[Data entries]

^^^^^^^^^^^^^^^^

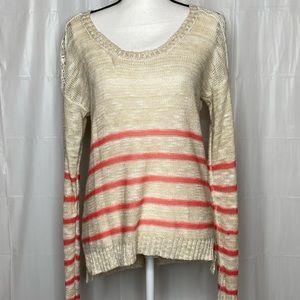 Women's Daytrip Long Sleeve Knit Top Knit Floral Shoulders Beige w/ Pink Sz L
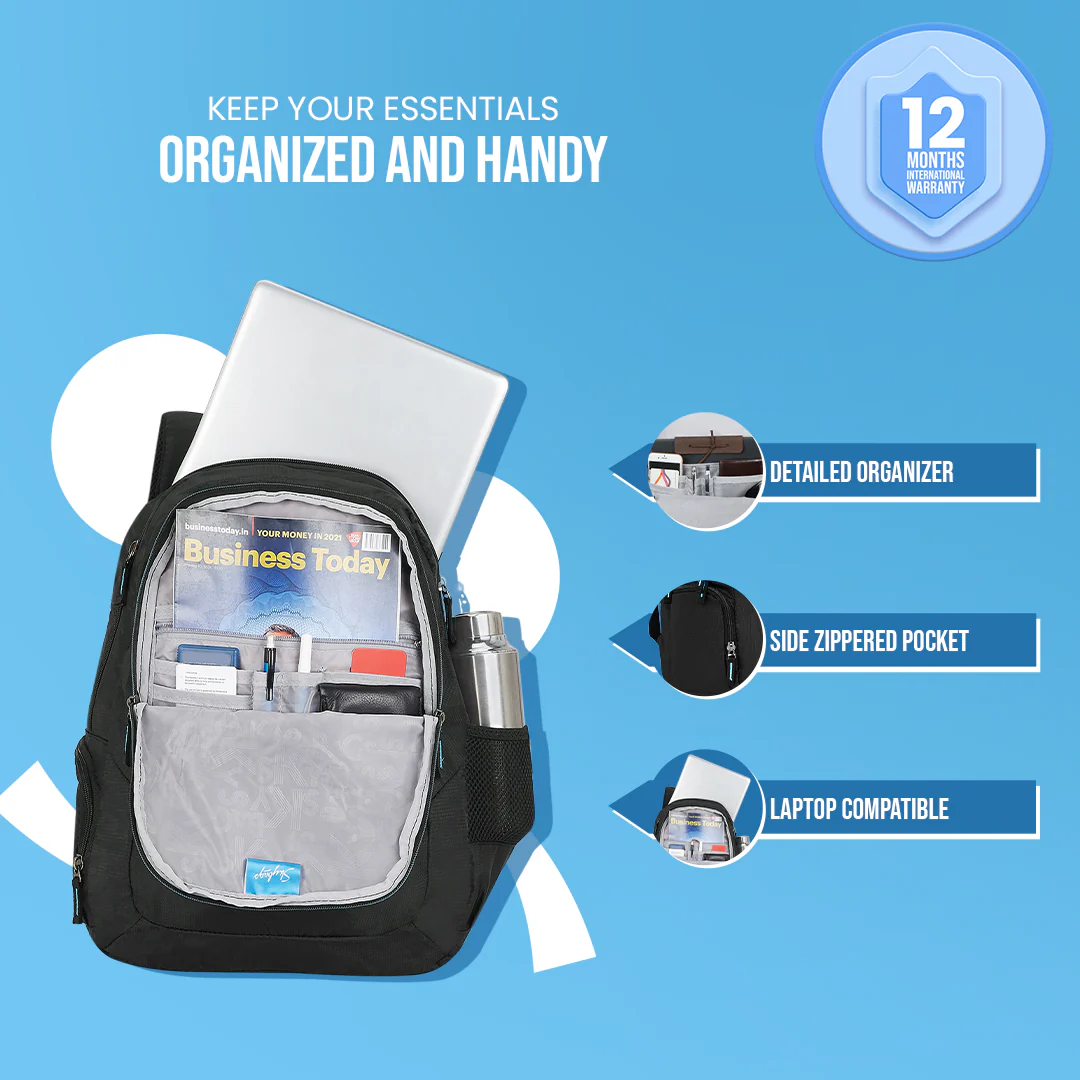 Skybags Network Laptop Backpack (E) Black - Image 3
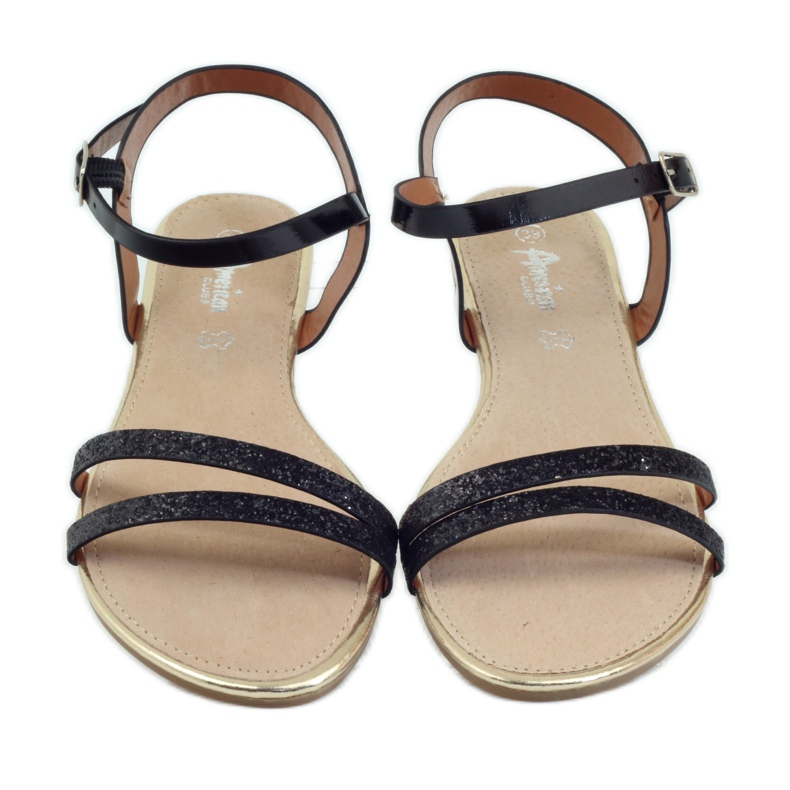 American Club Sandales à paillettes américaines 052 noires le noir 4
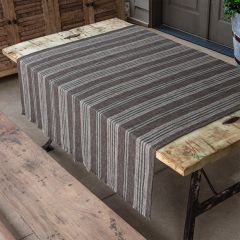 Frayed Edge Striped Earth Tones Throw Blanket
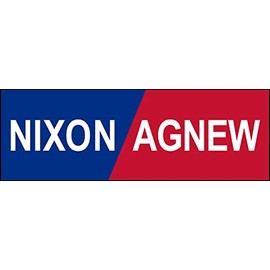 Vintage Nixon Agnew Bumper Sticker (69 election political logo)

^^^^^^^^^^^^^^^^

The entries above should be written out in full, and any picture in them left out.

RESULT FOR THIS EXERCISE:
 Women's Daytrip Long Sleeve Knit Top Knit Floral Shoulders Beige w/ Pink Sz L
 Skybags Network Laptop Backpack (E) Black - Image 3
 American Club Sandales à paillettes américaines 052 noires le noir 4
 Frayed Edge Striped Earth Tones Throw Blanket
 Vintage Nixon Agnew Bumper Sticker (69 election political logo)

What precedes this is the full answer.